AIM OF THE TASK:
From the line containing "this 1199×930 image." through the last line of the entries, set down every line exactly and add nothing.

(Data items)
- - -
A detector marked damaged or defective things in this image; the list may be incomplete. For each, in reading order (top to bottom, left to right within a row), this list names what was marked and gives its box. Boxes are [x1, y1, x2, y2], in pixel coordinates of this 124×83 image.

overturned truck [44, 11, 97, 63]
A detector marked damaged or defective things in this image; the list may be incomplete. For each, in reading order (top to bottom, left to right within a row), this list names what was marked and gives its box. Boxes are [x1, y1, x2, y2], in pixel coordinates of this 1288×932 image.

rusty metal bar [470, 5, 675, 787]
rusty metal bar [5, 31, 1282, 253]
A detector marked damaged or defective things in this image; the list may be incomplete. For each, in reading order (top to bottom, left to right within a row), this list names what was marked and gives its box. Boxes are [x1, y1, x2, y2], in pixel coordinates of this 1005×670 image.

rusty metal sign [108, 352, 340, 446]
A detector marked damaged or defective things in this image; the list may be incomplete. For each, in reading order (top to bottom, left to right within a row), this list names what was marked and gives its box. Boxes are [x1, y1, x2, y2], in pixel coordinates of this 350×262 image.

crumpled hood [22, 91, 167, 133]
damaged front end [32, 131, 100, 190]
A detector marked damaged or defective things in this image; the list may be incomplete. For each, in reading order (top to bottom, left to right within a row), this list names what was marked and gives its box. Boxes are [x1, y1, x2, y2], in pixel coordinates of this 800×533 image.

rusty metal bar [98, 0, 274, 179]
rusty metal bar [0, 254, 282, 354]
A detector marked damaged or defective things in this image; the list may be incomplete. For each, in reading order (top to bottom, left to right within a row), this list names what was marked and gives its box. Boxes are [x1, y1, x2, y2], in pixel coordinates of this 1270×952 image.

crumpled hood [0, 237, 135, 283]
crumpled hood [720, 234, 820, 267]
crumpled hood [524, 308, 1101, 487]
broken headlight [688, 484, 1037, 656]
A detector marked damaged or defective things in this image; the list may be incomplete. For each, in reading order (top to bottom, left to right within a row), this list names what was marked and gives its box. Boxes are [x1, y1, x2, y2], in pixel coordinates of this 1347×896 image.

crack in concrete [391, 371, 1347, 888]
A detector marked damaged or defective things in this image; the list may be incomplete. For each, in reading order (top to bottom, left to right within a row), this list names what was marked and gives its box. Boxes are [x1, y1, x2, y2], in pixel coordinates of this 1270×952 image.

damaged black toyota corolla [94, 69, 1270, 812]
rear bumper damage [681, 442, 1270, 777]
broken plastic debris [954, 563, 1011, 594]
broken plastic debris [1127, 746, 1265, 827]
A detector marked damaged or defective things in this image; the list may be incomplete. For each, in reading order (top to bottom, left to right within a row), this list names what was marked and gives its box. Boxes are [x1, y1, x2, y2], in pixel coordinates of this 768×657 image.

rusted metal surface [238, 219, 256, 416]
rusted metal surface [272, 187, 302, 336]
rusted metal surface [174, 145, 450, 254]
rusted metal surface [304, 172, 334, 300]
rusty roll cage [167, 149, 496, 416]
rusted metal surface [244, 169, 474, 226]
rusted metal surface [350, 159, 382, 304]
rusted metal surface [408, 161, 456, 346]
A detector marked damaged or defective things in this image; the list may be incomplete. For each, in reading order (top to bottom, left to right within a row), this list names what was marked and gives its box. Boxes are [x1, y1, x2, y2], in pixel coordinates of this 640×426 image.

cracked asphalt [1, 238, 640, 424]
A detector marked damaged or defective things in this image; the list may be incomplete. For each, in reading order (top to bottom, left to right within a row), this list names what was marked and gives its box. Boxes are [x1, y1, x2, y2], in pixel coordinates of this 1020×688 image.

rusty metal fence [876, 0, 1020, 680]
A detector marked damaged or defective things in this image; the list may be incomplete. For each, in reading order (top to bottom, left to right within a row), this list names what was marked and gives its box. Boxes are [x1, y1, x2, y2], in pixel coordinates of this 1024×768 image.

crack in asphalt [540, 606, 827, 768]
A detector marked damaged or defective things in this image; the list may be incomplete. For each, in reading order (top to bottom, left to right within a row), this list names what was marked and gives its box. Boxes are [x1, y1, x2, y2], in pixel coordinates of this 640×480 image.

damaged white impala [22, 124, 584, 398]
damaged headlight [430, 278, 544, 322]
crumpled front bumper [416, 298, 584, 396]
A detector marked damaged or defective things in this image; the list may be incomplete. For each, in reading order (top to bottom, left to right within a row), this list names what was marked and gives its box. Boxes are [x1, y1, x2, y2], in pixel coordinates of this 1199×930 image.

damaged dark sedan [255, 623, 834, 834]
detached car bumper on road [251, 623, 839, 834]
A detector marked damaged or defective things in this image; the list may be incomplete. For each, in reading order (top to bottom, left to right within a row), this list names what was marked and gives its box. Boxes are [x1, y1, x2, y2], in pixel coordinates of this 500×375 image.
- - -
OUTPUT BELOW:
A detector marked damaged or defective things in this image; the list may be incomplete. For each, in reading order (top to bottom, left to right within a row), this list names what was marked and gives its box. Boxes are [x1, y1, x2, y2], in pixel coordinates of this 1199×930 image.

damaged dark sedan [255, 623, 834, 834]
detached car bumper on road [251, 623, 839, 834]
A detector marked damaged or defective things in this image; the list may be incomplete. For each, in reading order (top to bottom, left to right within a row), this list names what was marked and gives its box. Boxes are [x1, y1, x2, y2], in pixel coordinates of this 500×375 image.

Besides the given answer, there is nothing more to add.